Me contaron en el Alcázar de
Segovia que a una aya se le cayó el infante real que cuidaba, un niño pequeño,
por el balcón, a muchos metros por encima de los jardines. Ella, desesperada, se
tiró por el precipicio y se mató. El infante había quedado colgado de unos
salientes, y lo rescataron. La aya se había “precipitado” en los dos sentidos de
la palabra (impaciente y tirarse al precipicio). En el cerebro el pensamiento no
es nunca objetivo sino ligado a las emociones, siempre influenciado por
sentimientos y pasiones. A veces nos fijamos en algo sin visión de conjunto,
absolutizamos un aspecto. Se me ocurre un ejemplo: cuando nos vienen con una
historia algún profesional de la mentira, y nos creemos aquello al sentir la
empatía con los problemas que nos cuentan, pero en cuanto han acabado y quizá
hemos dado dinero a ese “necesitado”, y se va, aparece la distancia ante el
problema, de modo menos emotivo, más cerebral, y nos parece que hay algo que no
cuadra… tenemos la sensación de haber sido engañados.

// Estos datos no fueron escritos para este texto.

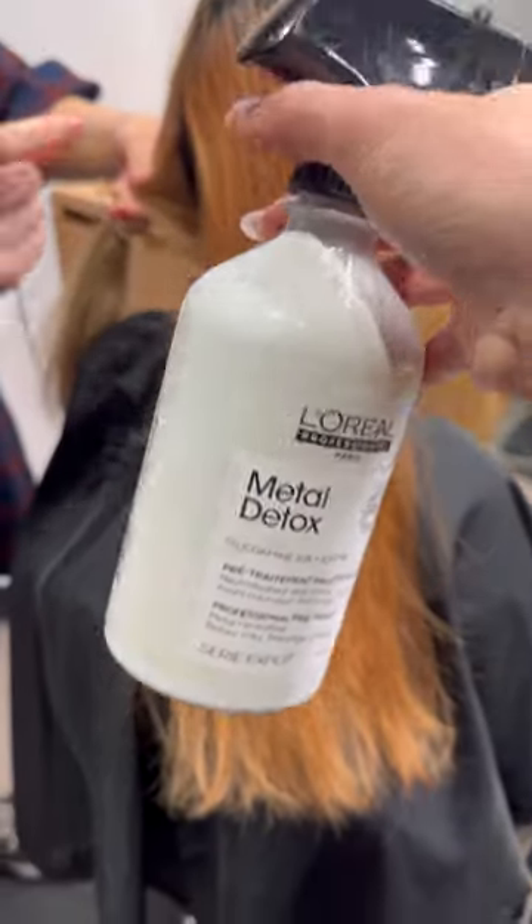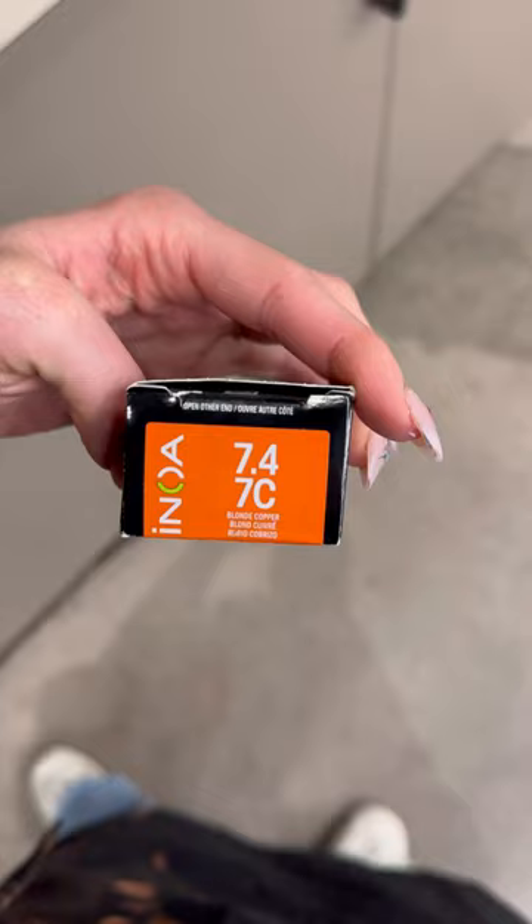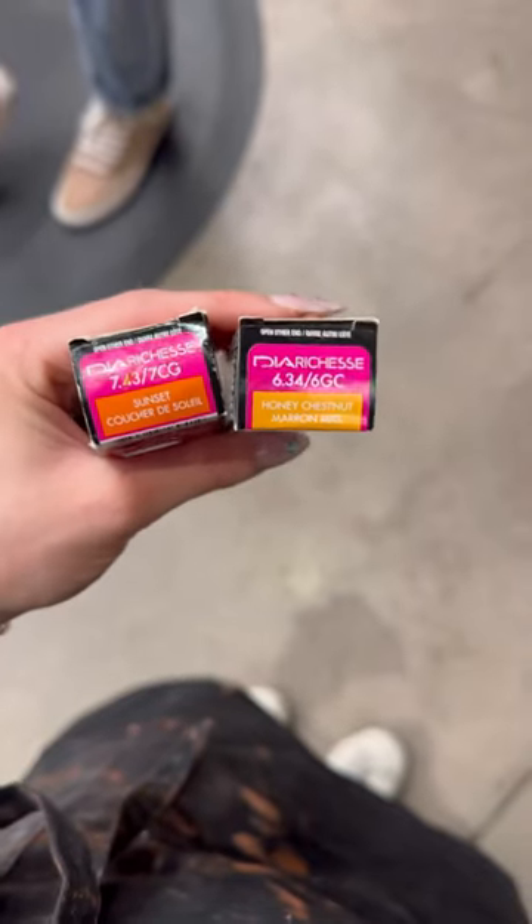Let's retouch my blonde copper checkerboard, prepping with metal detox just to neutralize anything in the hair. This application literally takes me seven years because I'm dripping sweat the entire time — I'm so concerned about getting copper on the blonde and blonde on the copper.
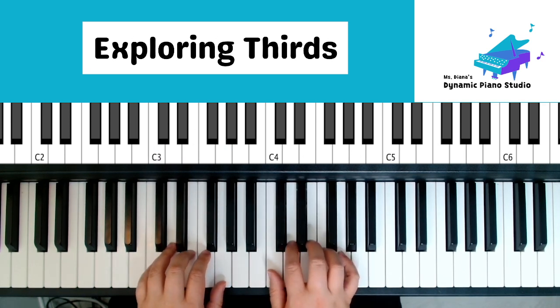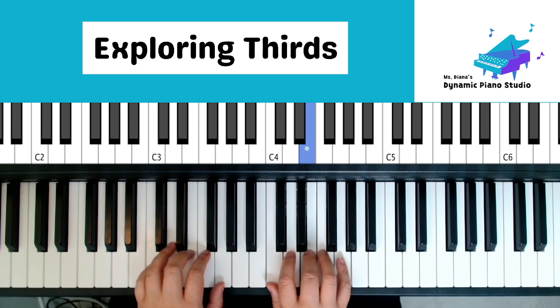Now repeat letters. C, E, G, hold. C, E, G, hold. G, E, C, E, G. Two, three.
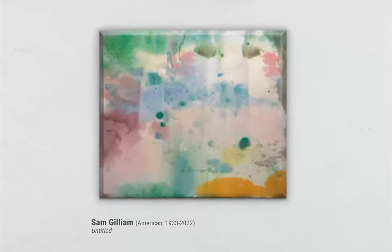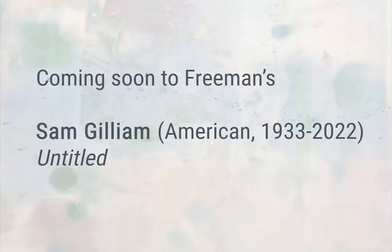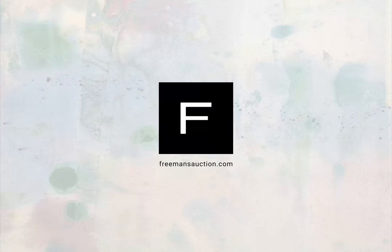Bearing Gilliam's signature verso, the painting was signed before being stretched, making clear the artist's working method. Freeman's is honored to offer this important work in our upcoming Modern and Contemporary Art Auction on May 17th.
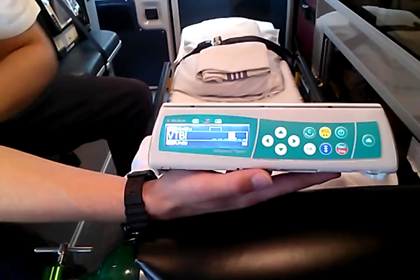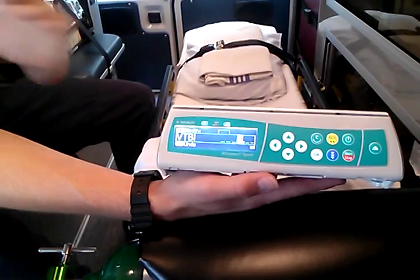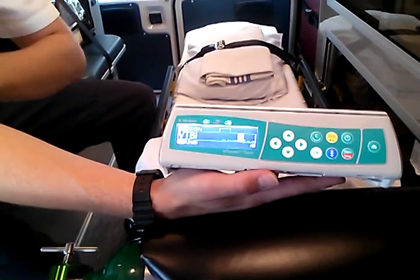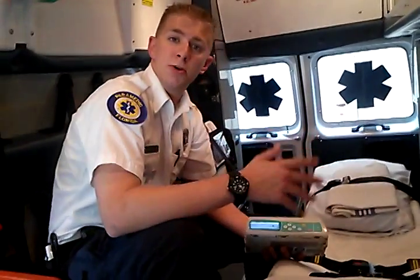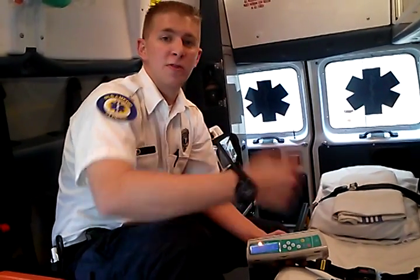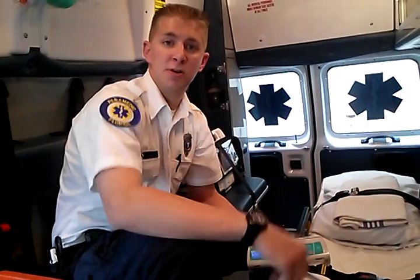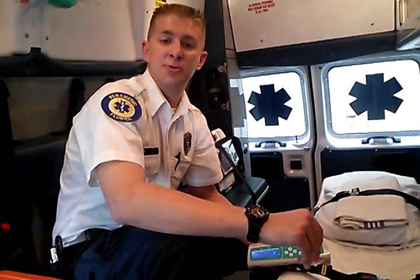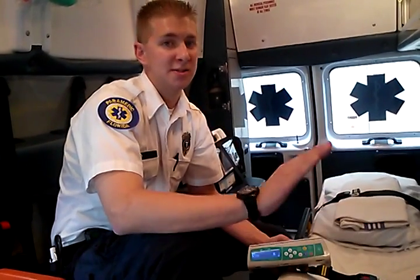The first thing that pops up will say VTBI, which stands for volume to be infused — so how much fluid are we putting into the patient? If the patient's on a 1000 mL bag and you've got to do the whole bag, your VTBI will be 1000. Likely when you pick the patient up, they're already on a drip and some medication has already gone in. If they're on a 1000 mL bag but 200 cc's have already been infused, your VTBI will only be 800. You can look at the hospital pump to see how much has been infused, do some quick math, and know you have 800 more to put in. That's about as complicated as the math gets.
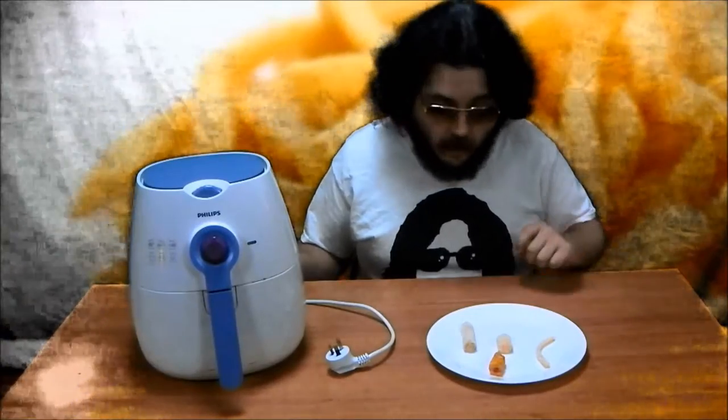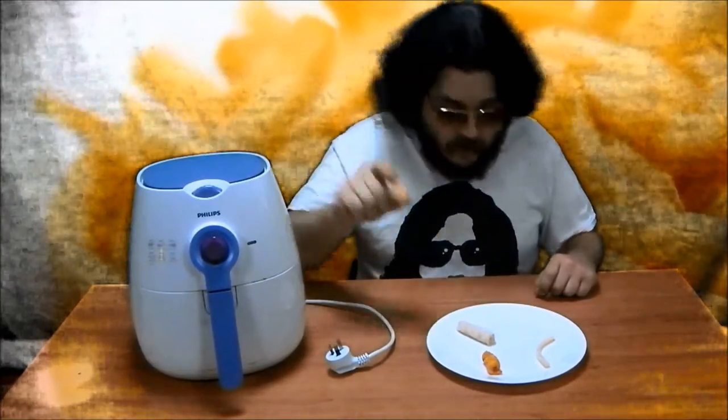The airfryer excels at cooking frozen foods that come in lots of individual small pieces already coated in oil. Spring rolls, curly fries, potato gems or tater tots, and shoestring french fries all work exceptionally well in this machine.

Esperar, tener distancia
ante los problemas, ayuda a pensar mejor.
"El mundo es redimido por la
paciencia de Dios y destruido por la impaciencia de los hombres", decía
Benedicto XVI en la homilía del comienzo de Pontificado: ante un pueblo rebelde,
"los discípulos, hubieran deseado inmediatamente mandar caer fuego del cielo
para consumirlos. Jesús los detiene y reprende. La impaciencia de los hombres no
suele comprender la paciencia de Dios”.